在雅思写作的过程中,转折链接、因果链接、递进链接、举例等都少不了衔接词的使用,不少同学雅思写作错失高分的原因之一,就是因为句子和段落之间衔接不当。下面就来看看雅思写作衔接词使用常见问题。
1、衔接词误用导致的语法错误
a. The sense of belonging to a team or a working community also contributes to job satisfaction. Because colleagues help each other to enjoy their working lives.
错误点:because是连词,不可单独成句。
正确的句子:The sense of belonging to a team or a working community also contributes to job satisfaction, because colleagues help each other to enjoy their working lives. (选自剑7Test3Task2书后范文)
b. Governments ought to restrict advertisements for harmful products. Such as alcohol and tobacco, however, they do not have the power to control other forms of advertising.
错误点:such as 后加同位语,不可单独成句;however是副词,不可连接两个句子。
正确的句子:Governments ought to restrict advertisements for harmful products, such as alcohol and tobacco. However, they do not have the power to control other forms of advertising.(例句选自考官范文)
2、衔接词误用导致的逻辑错误
Some people support that education should help students become useful to the society, because students will have more knowledge after being educated.
错误点:学生受教育,变得有学问这个点和教育应该培养学生贡献社会没有明确因果逻辑关系,使用because这个明显因果逻辑词,前后句逻辑混乱。
正确的句子:Education should make students useful members of society because education is financially supported by the government and students who make use of the resource should repay the society.

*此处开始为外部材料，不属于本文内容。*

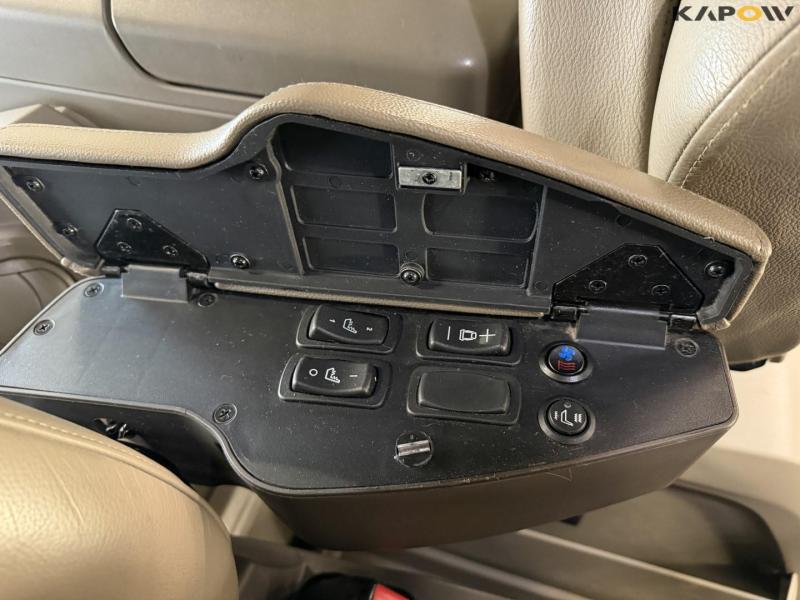 John Deere 8R 370 traktor 76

句子间的逻辑:因为政府资助了教育,所以教育应该培养对社会有用的人,回馈社会。逻辑通。
3、“走极端型”的衔接问题
First of all, the late parenthood is because of the rising cost of living. As we all know, young people are often paid less in the working world. Therefore, they are less likely to save enough money to guarantee a high standard of living. Furthermore, since most young people are well-educated, they are fully aware of the importance of living environment to a child’s growth. Besides, gender equality allows a large number of women to pursue their career ambitions. However, if they have children early, they have to pay more attention to their family commitment. As a result, they may miss out opportunities to improve their job skills and get promoted.

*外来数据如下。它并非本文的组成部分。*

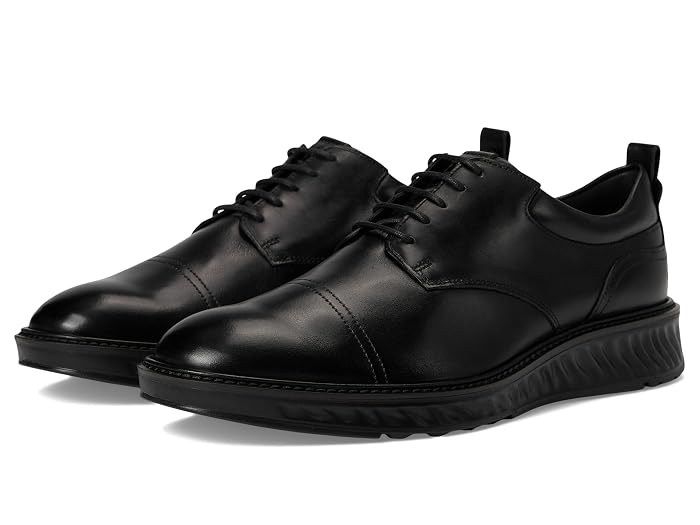 ECCO ST.1 Hybrid Cap Toe Oxford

问题表现:连接词过度使用,这个段落每一个句子都用了一个连接词,且不是每个连接都足够准确,如furthermore一般多用于补充新观点。这种写法就很容易被考官判定为“mechanical writing”,后果是Coherence and Cohesion (连贯与衔接)这一部分的得分不超过6分。
上段可调整如下:
The late parenthood among young adults is perhaps attributed to the rising cost of living. Young people are often paid less in the working world, sothey are less likely to save enough money to guarantee a high standard of living if they need to raise a child. Since most young people are well-educated, they are fully aware of the importance of living environment to a child’s growth. This is why they are unwilling to have children until they are well-prepared. Another reason for this trend is the gender equality allows a large number of women to pursue their career ambitions. If they have children early, they have to pay more attention to their family commitment and may miss out opportunities to improve their job skills and get promoted.
4、常用的衔接方法
①连接词 (so, since, another reason)
②代词(they; this; this trend)
③替换&重复 (young people; have children early/late的替换和重复)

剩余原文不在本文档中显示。